Both sides sat down at the negotiating table on June 10 and were sceduled to meet again the next day.
The pact expires June 27.
In late May, talks took an acrimonious turn. Nearly two months after discussions began, the League of American Theatres and Producers president Jed Bernstein accused the performers union of "hypocrisy" concerning the critical issue of compensation on touring shows.
To the surprise of no one, the proliferation of non-Equity touring shows has emerged as the central issue in this year's talks. The Production Contract—the pact currently at stake—governs Equity work not only in Broadway shows, but in national tours. The union has long been upset over the increase in non-Equity road shows, many of which sprung from Equity Broadway productions, such as Oklahoma! and The Music Man. The League, meanwhile, is frustrated at having to pay Broadway prices for Equity actors appearing in touring production, while on-the-cheap non-Equity tours eat away at regional markets. A May 24 letter from Bernstein to Equity's Alan Eisenberg expressed shock and disappointment that Equity won't recognize that "the road warrants special economic consideration."
Bernstein's May 24 letter was spurred by a recent agreement between Equity and Troika Presentations regarding a coming Evita tour this fall. Troika, which is not a member of the League, has sent out several non-union road shows in the past. According to the League, Equity approved "a reduced tour of Evita this Fall. From our standpoint, there should be nothing further to discuss on the road issue in our contract negotiations. Treat us as you treat non-League, non-Equity producers and our members will be able to send more Equity productions on the road." [The emphasis is the League's.]

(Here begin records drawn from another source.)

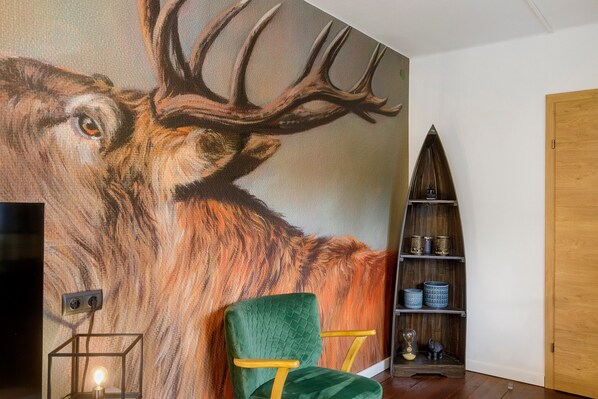 Una habitación con un amplio mural de un ciervo, un sillón de terciopelo verde, una estantería de madera y una mesita con una lámpara.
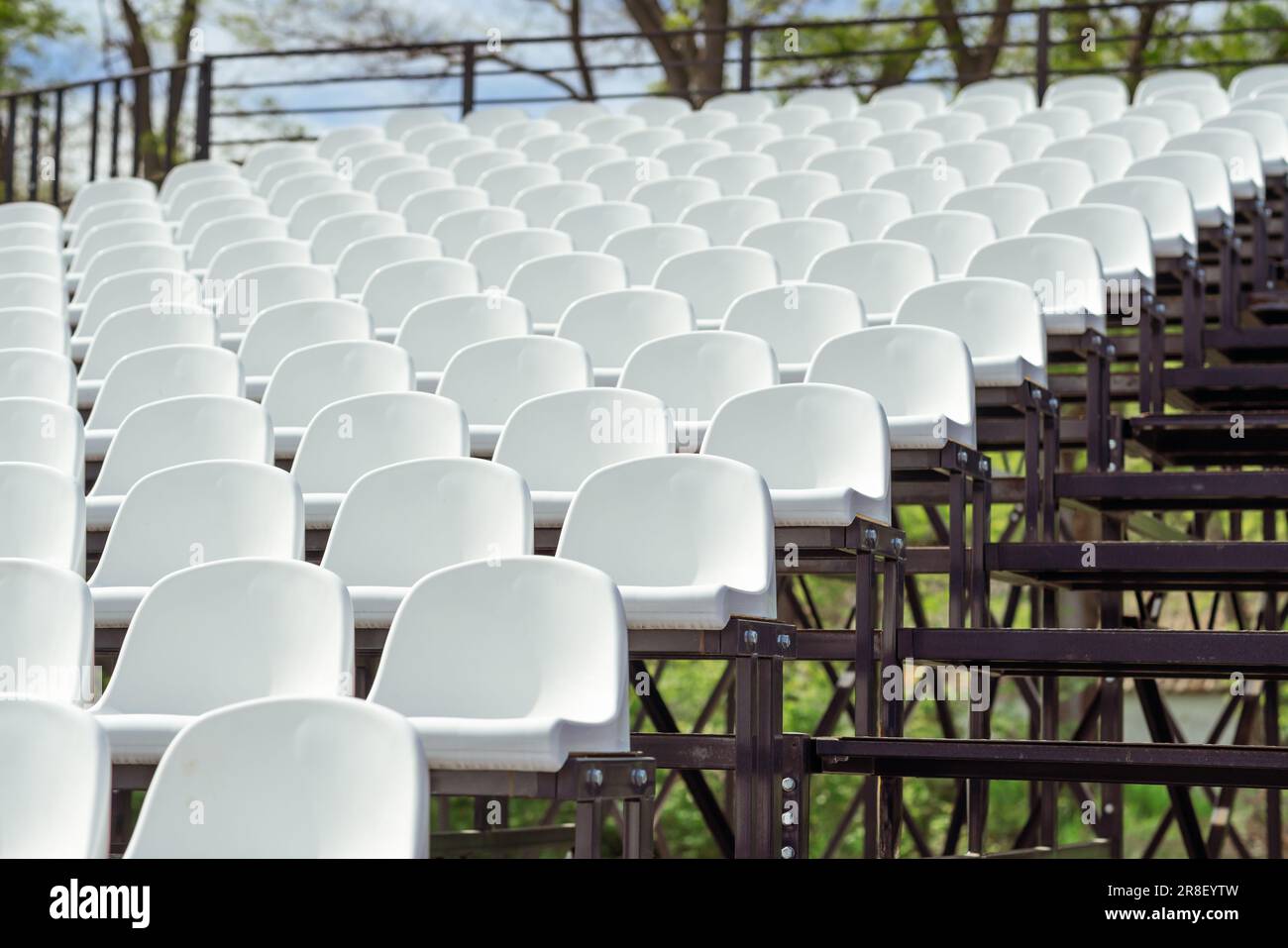 Tribune sports stadium with empty chairs Stock Photo - Alamy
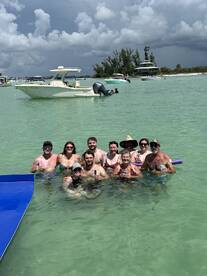 A lively group enjoys a fun day at the sandbar, swimming and sipping drinks in the warm waters — a perfect setting for summer celebrations.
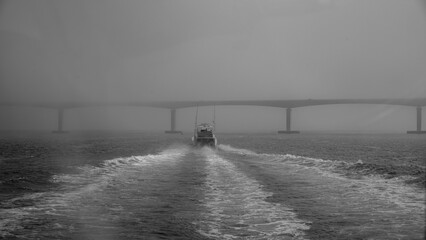 a boat traveling through the ocean under a bridge on a foggy day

Equity responded that its new deal with Troika brought the producer "into the tent," union-wise, winning higher salaries for union performers than the company had previously paid to non-union actors. It also noted that Troika won its deal by opening its books, arguing, in a statement, that "[Equity] will be flexible about the road provided that the League offers financial information in support of its alleged need for relief and that the League agrees to license shows only to producers who pay any newly negotiated rates. To date, the League has provided no financial information, even though this date was originally requested by Equity in April, 2003... In any prior circumstance where a lower rate has been negotiated by Equity, the producer has willingly opened up the financials to demonstrate why a lower rate is necessary."
The League is seeking lower compensation rates for Equity actors in touring shows. Currently, Broadway and touring Equity performers receive the same pay, $1,354 a week plus $770 per diem. A League spokesperson said the producers organization recently inked a new deal with the Broadway stagehands union, Local One, in which the powerful IATSE local agreed to accept lower wages on touring productions.

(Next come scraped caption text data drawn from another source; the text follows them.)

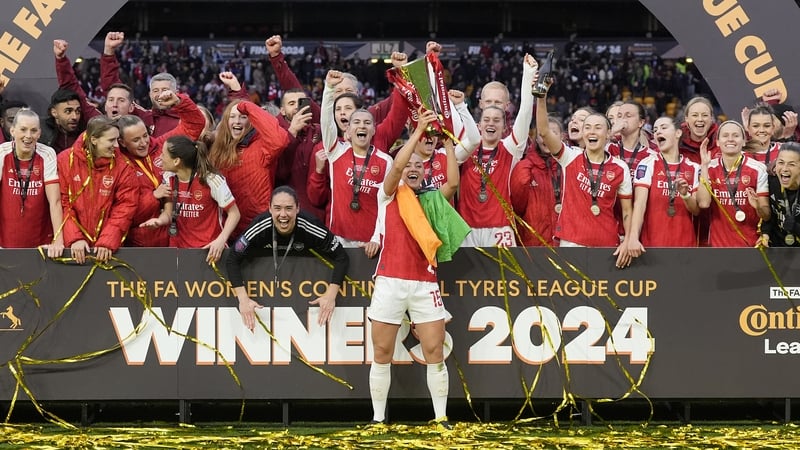 Katie McCabe lifts the trophy after Arsenal's triumph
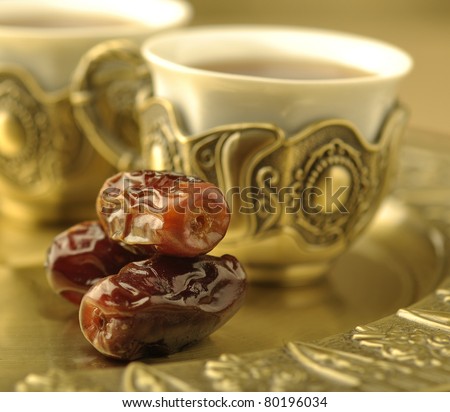 An extreme close up of dates with arabic tea cup An extreme close up of dates with arabic tea cup
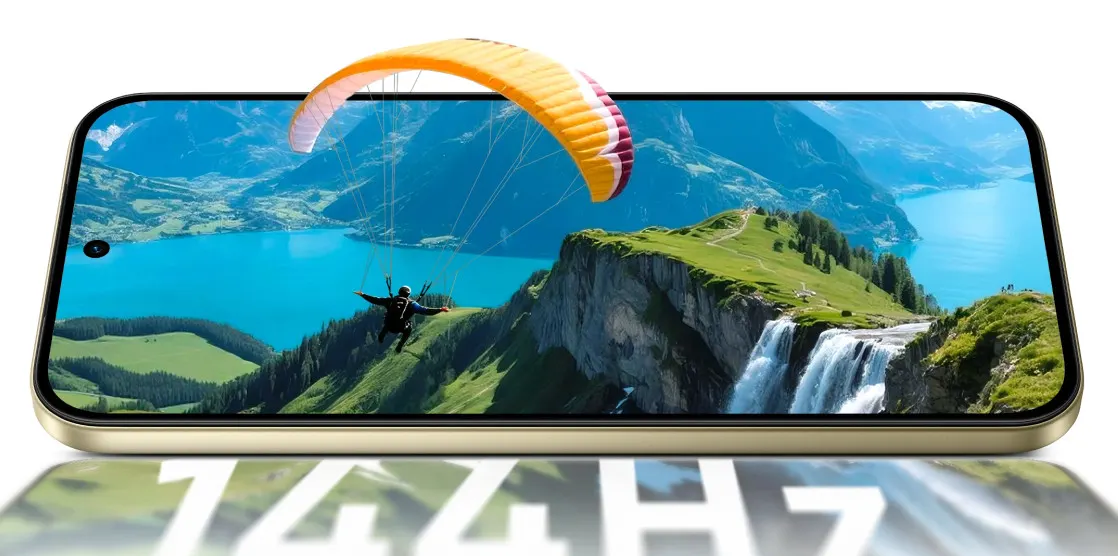 Telefon realme 16 pro 5g wyświetlający zapierający dech w piersiach widok: paralotniarz na tle wodospadu, turkusowego jeziora i gór. Na dole ekranu widoczna jest informacja '144Hz'.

Equity has good reason to be worried about the changing job landscape in the touring world. The union has seen the percentage of road shows equipped with Equity talent drop from 90 percent 10 years ago to 60 percent last year. The change has not only had an impact on employment among union members, but also decreased rank and file insurance coverage.
As with many industries in recent years, Equity has struggled with soaring health insurance cost. League producers contribute a certain dollar amount a week per actor into the union's health care plan. With fewer actors working on the road, less money has gone into the pot. Last year, the plan ran at a $16 million deficit. This forced Equity to change its eligibility requirements in October 2003. Where a member once had to log in 10 weeks of work annually to quality for a year's coverage, that actor must now accumulate 20 weeks a year, or 12 weeks a year for six months coverage.
The drastic change has resulted in a great many Equity workers getting thrown off the plan, including Equity president Patrick Quinn. (Quinn is not automatically insured because he is a union officer.) Equity has also eliminated dental coverage for its members.
Equity has asked the League to aid the situation by upping their fund contribution to $56 more a week per actor, according to Crain's—a whopping 55 increase, according to the League.
Meanwhile, Equity has taken the customary administrative step of issuing a strike authorization vote.
Sticking firm in the memories of both the producers and the union is last year's four-day strike by the musicians union, which was backed by Equity, the powerful stagehands union and several other theatrical guilds. The work stoppage cost millions to Broadway showmen, who would not like to see history repeat itself. The musicians union has said it would support Equity in its talks, the New York Times reported.
The League has teamed in the talks with non-League producers such as Disney and Dodger Stage Holding in a process call "coordinate bargaining." This strength in numbers strategy was approved by Equity.
Prior to the commencement of talks, Equity filed unfair labor practices with the National Labor Relations Board against Dodger Stage Holding, as well as Clear Channel Entertainment, the Nederlander Organization, Equity charged that each had violated the Production Contract—the pact that rules Equity's work in Broadway and touring shows—by engaging the services of NETworks, Troika and Big League Theatricals, all of which produce non-Equity producers. Representatives for the League, Clear Channel, the Nederlanders, the Dodgers and Buena Vista Theatricals Ventures Inc. will all be at the negotiating table.